The release() callback is called in the context of the thread executing the atom garbage collect, the thread executing PL_free_blob() or the thread initiating the shutdown. Normally the thread gc runs all atom and clause garbage collections. The release() function may not call any of the PL_*() functions except for PL_blob_data() or PL_unregister_atom() to unregister other atoms that are part data associated to the blob. Calling any of the other PL_* functions may result in deadlocks or crashes. The release() function should not call any potentially slow or blocking functions as this may cause serious slowdowns in the rest of the system.
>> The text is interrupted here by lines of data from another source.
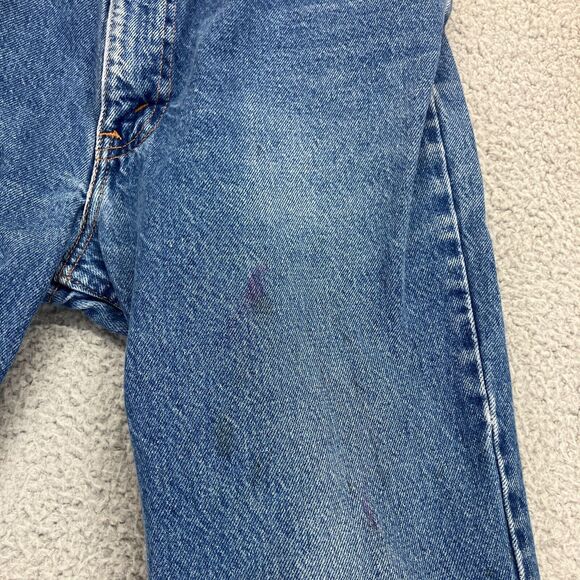 Levi's Jeans Mens 34x31 Blue Denim Regular Fit Straight Flat Front Faded Preppy - Picture 5 of 8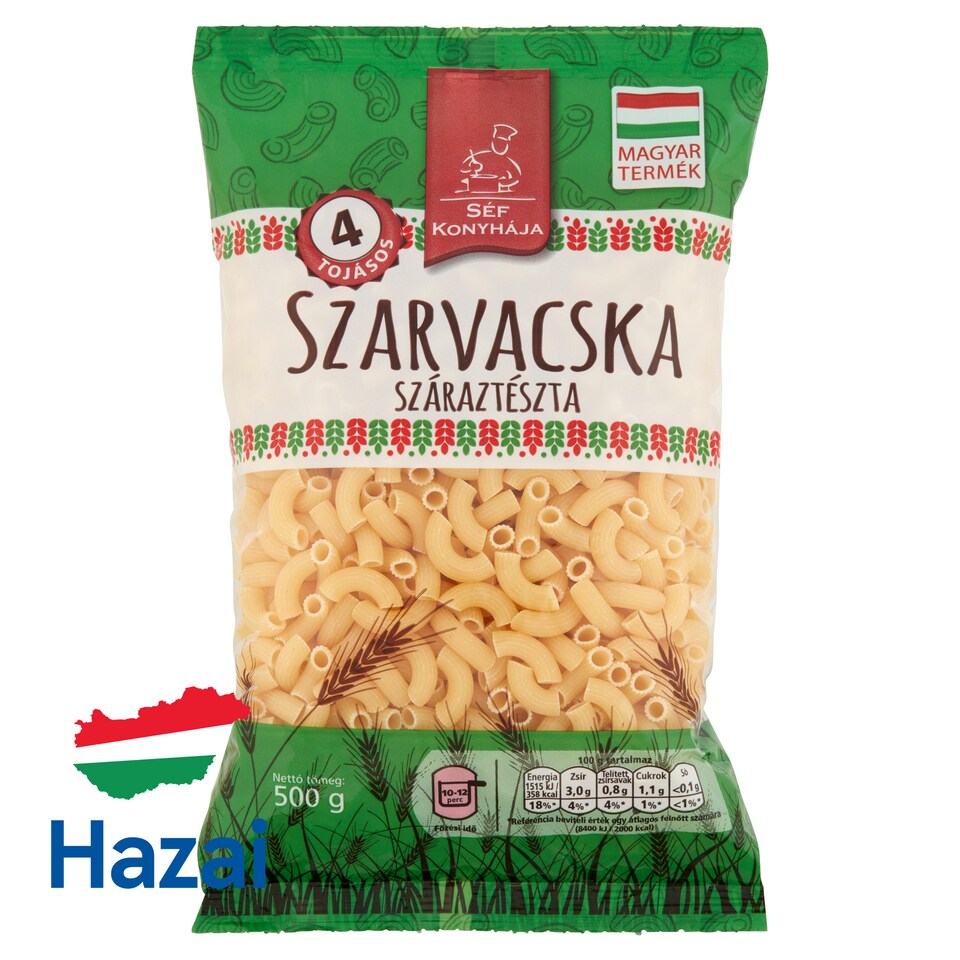 Séf Konyhája Hornlets Dried Pasta with 4 Eggs 500 g
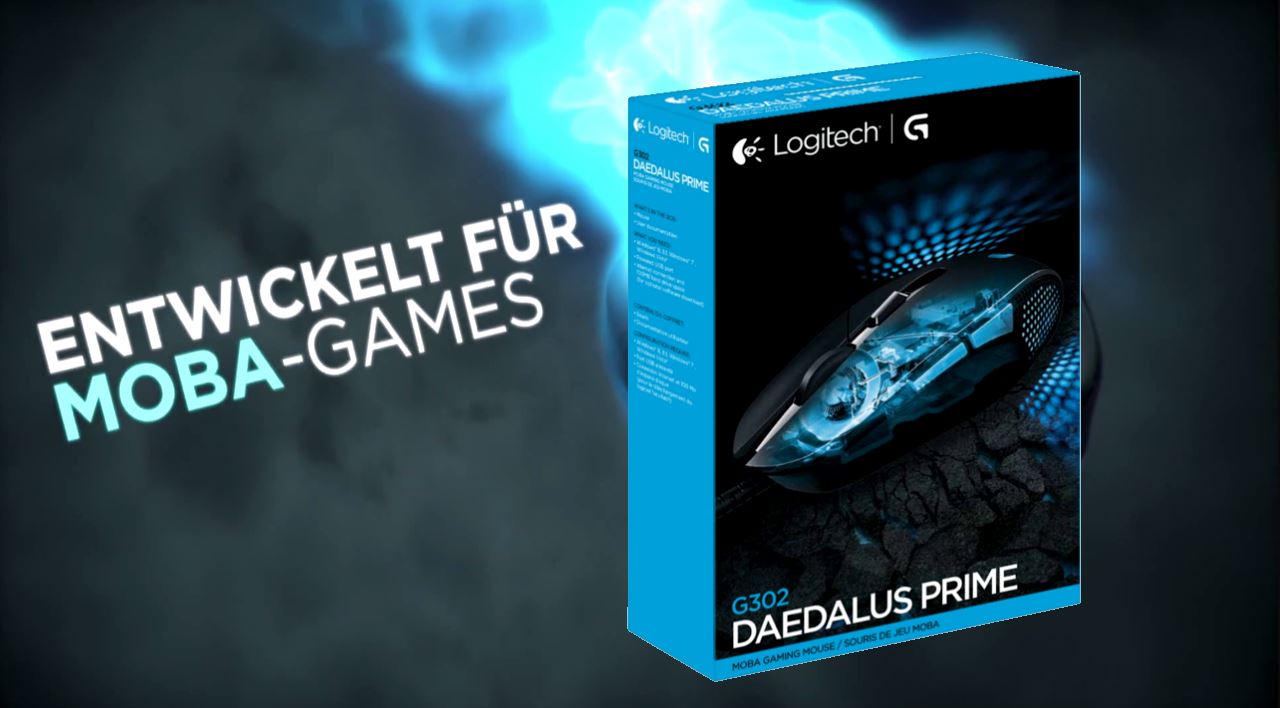 Logitech g302 MOBA Gaming Maus Daedalus Prime
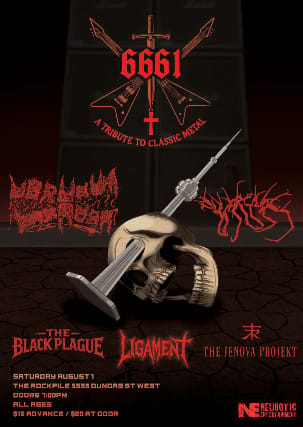 6661 - A Tribute To Classic Metal, Ubruxum, Antarcturus, Ligament, The Jenova Projekt event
Blobs that require cleanup that is slow, blocking or requires calling Prolog must pass the data to be cleaned to another thread. Be aware that if the blob uses PL_BLOB_NOCOPY the user is responsible for discarding the data, otherwise the atom garbage collector will free the data.

As SWI-Prolog atom garbage collector is conservative, there is no guarantee that the release() function will ever be called. If it is important to clean up some resource, there should be an explicit predicate for doing that, and calling that predicate should be guaranteed by using setup_call_cleanup/3 or some a process finalization hook such as at_halt/1.
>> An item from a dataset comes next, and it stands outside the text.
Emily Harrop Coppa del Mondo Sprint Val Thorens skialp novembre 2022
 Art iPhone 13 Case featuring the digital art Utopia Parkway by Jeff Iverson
Normally, Prolog does not clean memory during shutdown. It does so on an explicit call to PL_cleanup().225Or if the system is compiled with the cmake build type Debug. In such a situation, there is no guarantee of the order in which atoms are released; if a blob contains an atom (or another blob), those atoms (or blobs) may have already been released. See also PL_blob_data().

int compare(atom_t a, atom_t b)
Compare the blobs a and b, both of which are of the type associated to this blob type. Return values are as memcmp(): < 0 if a is less than b, = 0 if both are equal, and > 0 otherwise. The default implementation is a bitwise comparison of the blobs’contents. This default implementation suffices if PL_BLOB_UNIQUE is set and the blob follows the requirement that its contents do not change, although it might give an unexpected ordering, and the ordering may change if the blob is saved and restored using save_program/2.

If the compare() function is defined, the sort/2 predicate uses that to determine if two blobs are equal and only keeps one of them. This can cause unexpected results with blobs that are actually different; if you cannot guarantee that the blobs all have unique contents, then you should incorporate the blob address (the system guarantees that blobs are not shifted in memory after they are allocated). This function should not call any PL_*() functions other than PL_blob_data().

The following minimal compare function gives a stable total ordering:

static int
compare_my_blob(atom_t a, atom_t b)
{ const struct my_blob_data *blob_a = PL_blob_data(a, NULL, NULL);
  const struct my_blob_data *blob_b = PL_blob_data(b, NULL, NULL);
  return (blob_a < blob_b) ? -1 : (blob_a > blob_b) ? 1 : 0;
}
int write(IOSTREAM *s, atom_t a, int flags)
Write the content of the blob a to the stream s respecting the flags. The return value is TRUE or FALSE and does not follow the Unix convention of the number of bytes (where zero is possible) and negative for errors. Any I/O operations to s are in the context of a PL_acquire_stream(); upon return, the PL_release_stream() handles any errors, so it is safe to not check return codes from Sfprintf(), etc.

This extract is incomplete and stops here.